So, many of us have heard the term “fat-shaming” which basically means people (mostly women) are made to feel bad about their weight.  It often happens online where trollers say horrible things while hiding behind their computer screens.  Thankfully, over the last few years, this practice has encouraged consumers and businesses to take a stand and start advocating that women should be proud of their bodies regardless of their size.  This is progress.


But what about “age-shaming”?  Making people feel “less than” because they are older (especially women) is the one form of discrimination that no one seems to talk about.   Let’s look at careers for example.  Why aren’t businesses actively trying to recruit older women and men?  Many organizations are now struggling to find employees and are even taking extreme measures to encourage professionals to come work for them.  And yet they are often ignoring an untapped and available resource.  Most people in their 50s are still working or have gone on to a second career and are highly educated, active professionals who have a lot to offer companies.


And yet, the Harvard Business Review in their research for Deloitte, asked around 10,000 companies, “Is age a competitive advantage or competitive disadvantage in your organization?”. Over two-thirds of the companies considered older age a competitive disadvantage. This is consistent with data from the AARP that shows two-thirds of individuals age 45 to 74 have experienced age-related discrimination.  In other words, if you are older, you are not considered as desirable by companies.

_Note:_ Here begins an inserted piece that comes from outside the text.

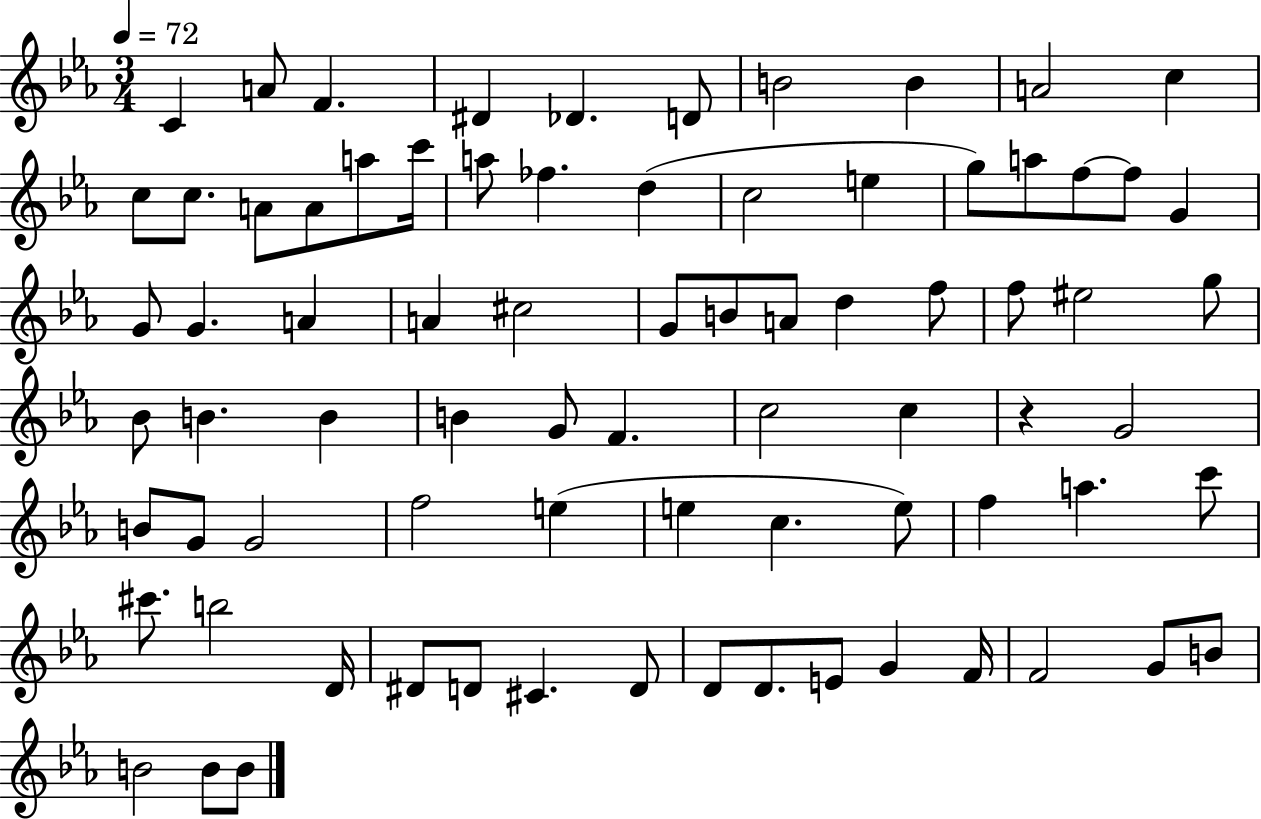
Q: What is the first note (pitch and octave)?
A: C4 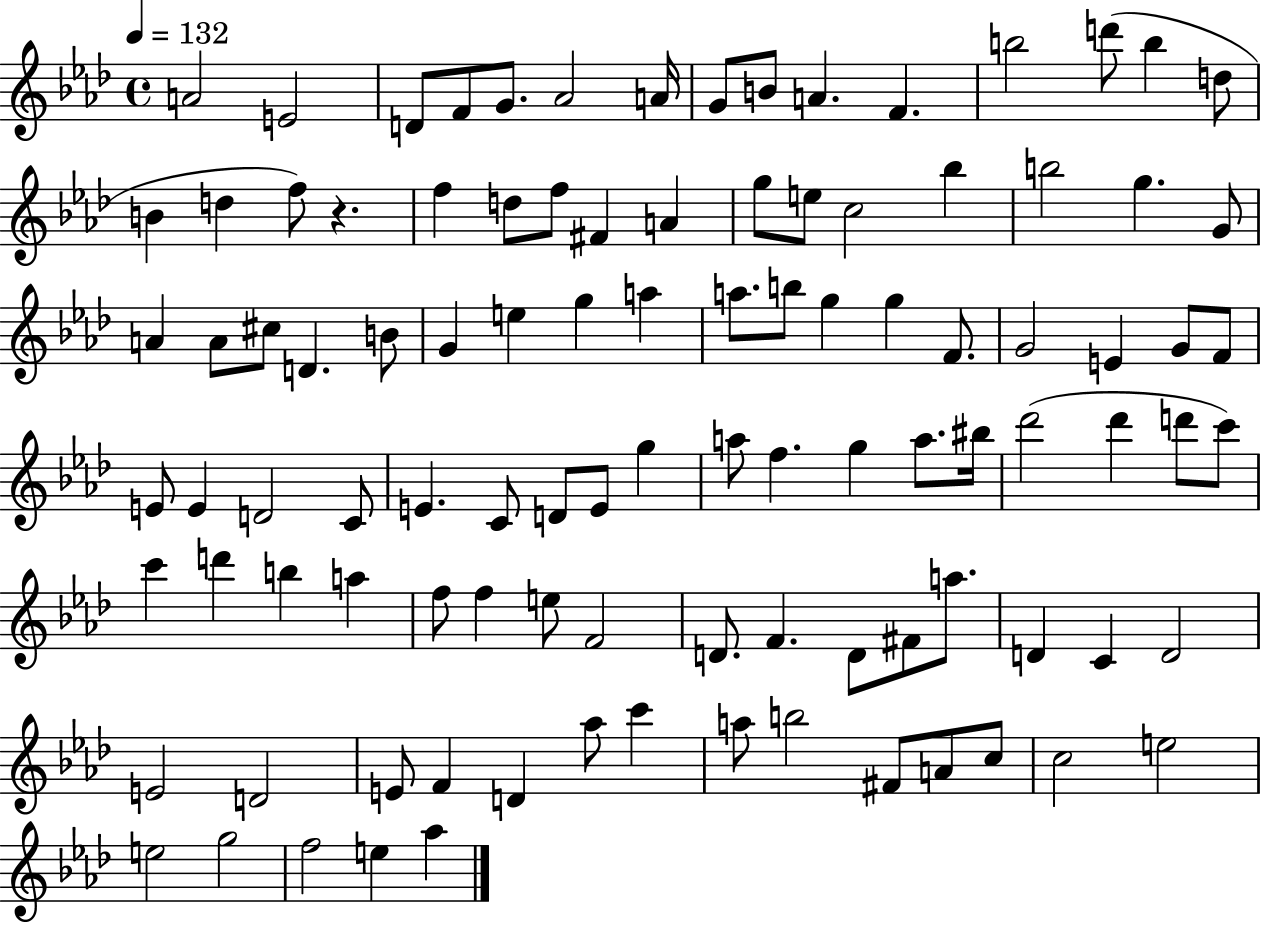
A4/h E4/h D4/e F4/e G4/e. Ab4/h A4/s G4/e B4/e A4/q. F4/q. B5/h D6/e B5/q D5/e B4/q D5/q F5/e R/q. F5/q D5/e F5/e F#4/q A4/q G5/e E5/e C5/h Bb5/q B5/h G5/q. G4/e A4/q A4/e C#5/e D4/q. B4/e G4/q E5/q G5/q A5/q A5/e. B5/e G5/q G5/q F4/e. G4/h E4/q G4/e F4/e E4/e E4/q D4/h C4/e E4/q. C4/e D4/e E4/e G5/q A5/e F5/q. G5/q A5/e. BIS5/s Db6/h Db6/q D6/e C6/e C6/q D6/q B5/q A5/q F5/e F5/q E5/e F4/h D4/e. F4/q. D4/e F#4/e A5/e. D4/q C4/q D4/h E4/h D4/h E4/e F4/q D4/q Ab5/e C6/q A5/e B5/h F#4/e A4/e C5/e C5/h E5/h E5/h G5/h F5/h E5/q Ab5/q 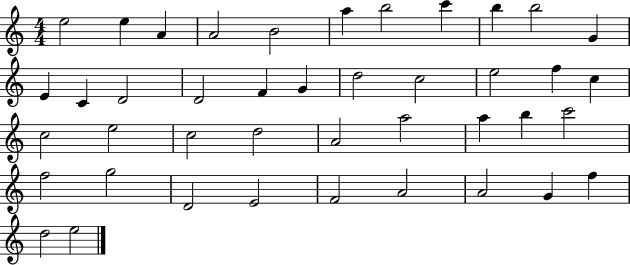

Meanwhile, many individuals in their 60s and 70s are still actively engaged in their careers and aren’t even thinking about retirement.  They have years of experience and subject matter knowledge that can’t be faked.  If you asked someone to find an expert on investing, it would be almost impossible to find someone with as much expertise as Warren Buffett has at 89 years young.  If you were looking for a successful career in media, who would not look at Oprah Winfrey, age 67, for inspiration?  And let’s not forget the richest man in the world, Jeff Bezos is almost 60.  Finally, look at one of the most important jobs of all which is the President of the United States.  Only two Presidents ended their tenure under the age of 50 (and one of them was JFK). The other 43 were 50 or older, including 22 who were aged 60 or older.  So, are companies being incredibly ignorant in not realizing that age often brings wisdom?  In fact, older people are more successful entrepreneurs with studies showing that those who are over 40 are three times more likely to create successful companies.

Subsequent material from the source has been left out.